(Exercise brief) First find the line with "House for sale in Hidalgo, Texas" in the entries below, then set down exactly every line through the line with "0 Commercial Park", that line included.

(Available records)
#####

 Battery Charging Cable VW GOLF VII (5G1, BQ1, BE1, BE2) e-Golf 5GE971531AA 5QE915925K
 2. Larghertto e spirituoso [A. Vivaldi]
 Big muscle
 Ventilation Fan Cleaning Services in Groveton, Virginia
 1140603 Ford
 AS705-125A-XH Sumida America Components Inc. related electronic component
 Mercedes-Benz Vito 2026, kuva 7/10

#####

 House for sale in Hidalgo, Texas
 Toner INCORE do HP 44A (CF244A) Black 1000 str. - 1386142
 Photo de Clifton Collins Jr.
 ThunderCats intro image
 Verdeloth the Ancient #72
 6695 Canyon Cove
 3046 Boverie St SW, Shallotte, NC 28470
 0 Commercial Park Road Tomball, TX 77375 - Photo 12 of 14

#####

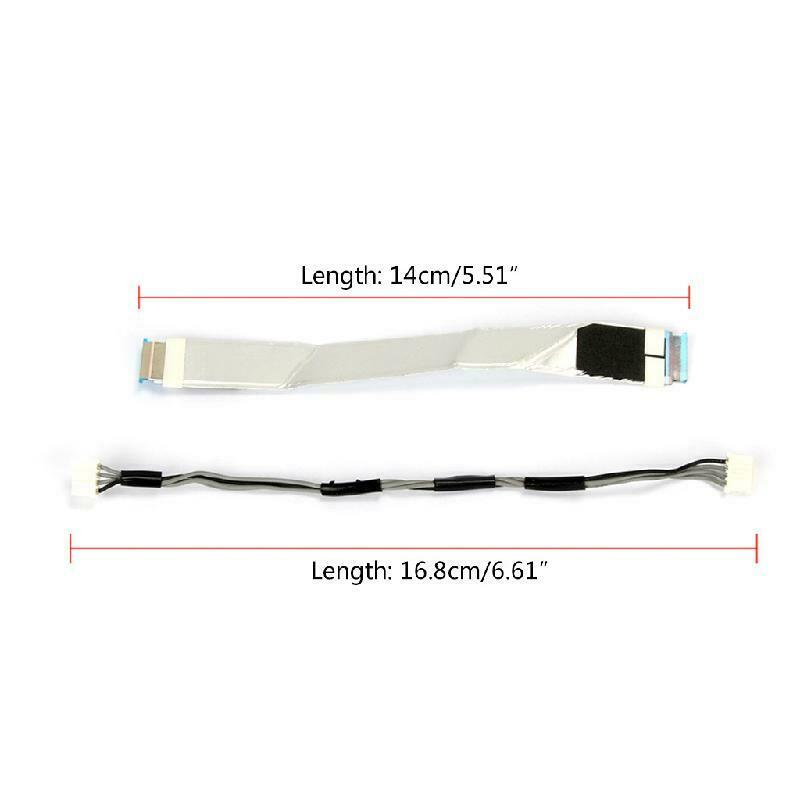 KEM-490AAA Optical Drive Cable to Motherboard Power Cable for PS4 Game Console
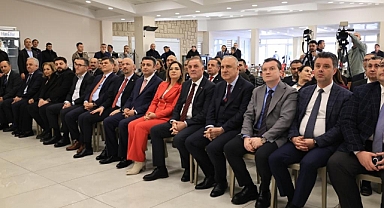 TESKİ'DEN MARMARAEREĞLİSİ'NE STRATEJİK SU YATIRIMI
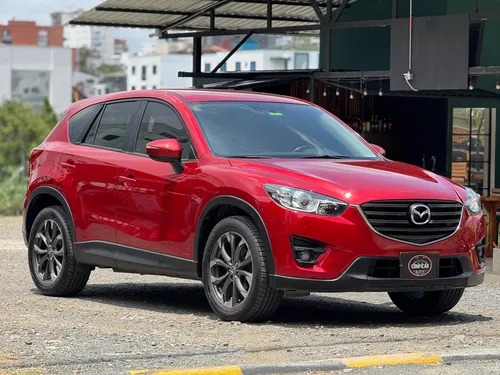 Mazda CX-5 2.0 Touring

#####

(Response below)
 House for sale in Hidalgo, Texas
 Toner INCORE do HP 44A (CF244A) Black 1000 str. - 1386142
 Photo de Clifton Collins Jr.
 ThunderCats intro image
 Verdeloth the Ancient #72
 6695 Canyon Cove
 3046 Boverie St SW, Shallotte, NC 28470
 0 Commercial Park Road Tomball, TX 77375 - Photo 12 of 14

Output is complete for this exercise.